Açılış parçası olan ‘Jobim’e mektup’ olarak adlandırdığınız ‘Bozacının Şahidi Şıracı’nın hikayesi nedir?
Brezilya’da başlayan Bossa Nova akımının öncüsü olan besteci ve icracı Antonio Carlos Jobim, yıllardır zevkle dinlediğim, sanatına hayran olduğum biri. Bu eseri bestelememde bana çok yardımcı oldu. Müziğe 1999’da başladım, Jobim ise 1994’te vefat etti ama o kadar çok dinlediğim için neredeyse benim müzik zevkime çok büyük yön vermiştir. Bu eser benim için Jobim’e bir mektuptur aslında. Belki bir yerlerden müziğimi duymuştur. İlk eserin bende hatırası çok fazla ve esprili bir isim hikayesi de var, şöyle ki aklıma ne zaman bir melodi gelse yanımda kim varsa ya bana soru soruyor ya telefonum çalıyor ya da çeşitli sebeplerden kafam karışıyor ve böyle anlarda melodileri çoğu kez aklımda tutamıyorum.
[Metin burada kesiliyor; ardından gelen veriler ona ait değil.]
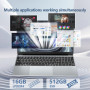 Moacreto Portatile PC 15,6 pollici, Notebook 16GB RAM SSD 512GB Celeron N5095, Computer portatile FHD IPS 1920 * 1080 Con tastie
Bir gün Çeşme’de eşim ile birlikte gezerken bu eserin kromatik melodi bölümü aklıma geldi. Çok hoşuma gittiği için sürekli içimden mırıldanıp, son haline getirmeye çalıştım. Bu melodiyi geliştirirken aklıma eşimin bana soru sorma ihtimalide geldi elbette ve bu sefer işimi garantiye alıp, telefonla konuşur gibi yapmaya başladım, aynı zamanda da telefonumu uçak moduna alıp ses kayıt bölümüne, mırıldandığım melodiyi kayıt etmeye başladım. Eşim telefonla konuştuğumu görünce bana soru sormaktan vazgeçti ve melodiyi tamamen kayıt etmeyi başardım. Hatta bestemin çok büyük bir kısmını o an bu şekilde tamamladım diyebilirim. Sonra tabii eşimle konuyu paylaşınca ikimiz de çok güldük. Böylece eserin ismini ‘Bozacının Şahidi Şıracı’ koydum.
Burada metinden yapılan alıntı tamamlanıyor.